Reply
Sat 18 Mar, 2023 07:20 am

My work for clients often calls for me to survey relatively small, closed groups, e.g., several hundred participants in a program. We typically use a total population sampling approach, that is, we send the survey to everyone in the group, rather than randomly selecting within the group, and we try to get as a high a response rate as we can. Often we employ a pre-post design, surveying once before a program and then again after it. Other times we have a single cross sectional survey only. If we have relevant external data about all participants, we will weight the achieved sample to the total population to adjust for non-response.

Once our surveys are collected, cleaned and weighted (if possible), our typical analyses consist of difference of means or proportions tests (sometime pre-post differences on outcome variables, sometime differences across groups in a single cross-sectional survey). We occasionally will do a regression analysis.

We use SPSS for our analyses.

My question is this: are the inferential statistical tests and p-values that SPSS produces applicable to our analyses? In other words, is statistical significance relevant to our findings?

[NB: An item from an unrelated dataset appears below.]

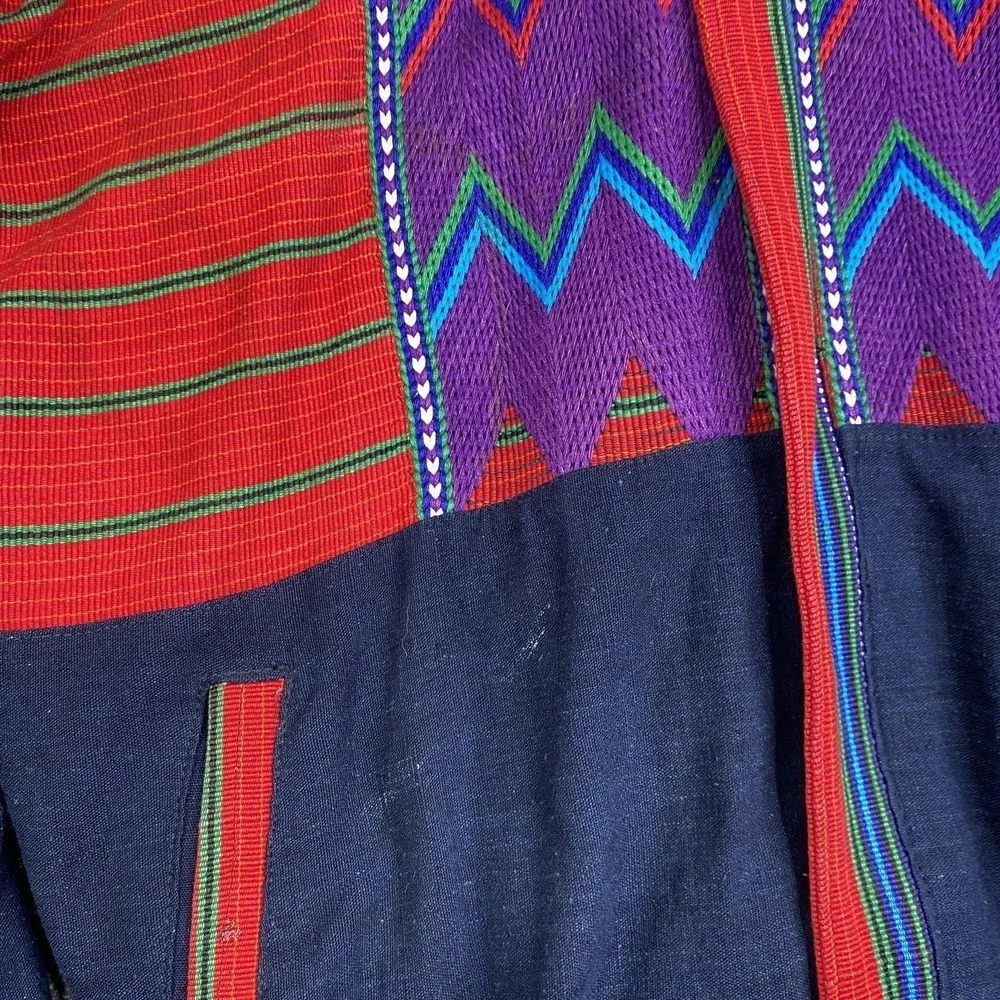 VTG Handmade Guatemalan Jacket Mens XL Multicolor Woven Boho Tribal Bomber Zip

I don't think so because the tests and p-values that allow us to assess statistical significance assume a probability survey of a large target population, whereas we have a (failed) total sampling of a small, closed group (failed in the sense of anything less than a 100% response rate). To put it concretely, if we have a group of 200 people and we get 150 responses to a survey, SPSS treats our N of 150 as if it came from a probability survey of a much larger target population. As such, it produces relatively large standard deviations and standard errors - larger than say if we had an N of 800 or 1,000 respondents - and the tests and p-values fail to reach conventional levels of statistical significance. But our N of 150, which is 3/4 of a closed group of 200 people in which we tried to survey everyone, has a very different meaning than an N of 150 from a probability survey of a large target population. And in that case, I don't believe the inferential statistical tests are applicable. Am I correct?

If so, are there alternative, quantifiable ways to assess the validity and/or reliability of our survey findings? My thinking is that the validity/reliability of the results is dependent primarily on a "qualitative" assessment of three things: 1) response rates 2) the extent to which the achieved sample resembles the total closed group on relevant external benchmarks and 3) substantive differences that make sense for the particular analyses we are conducting. In other words, validity/reliability increases the more responses from the target group we collect, the more an achieved sample looks like a target group (or can be adjusted to look like the target group through weighting), and the more we can justify a substantive/meaningful difference or pattern for a particular problem.

Are there other criteria for assessing findings in this situation? And, how do I respond to clients who just want to know if the results are "statistically significant"?

Thanks in advance for your thoughts.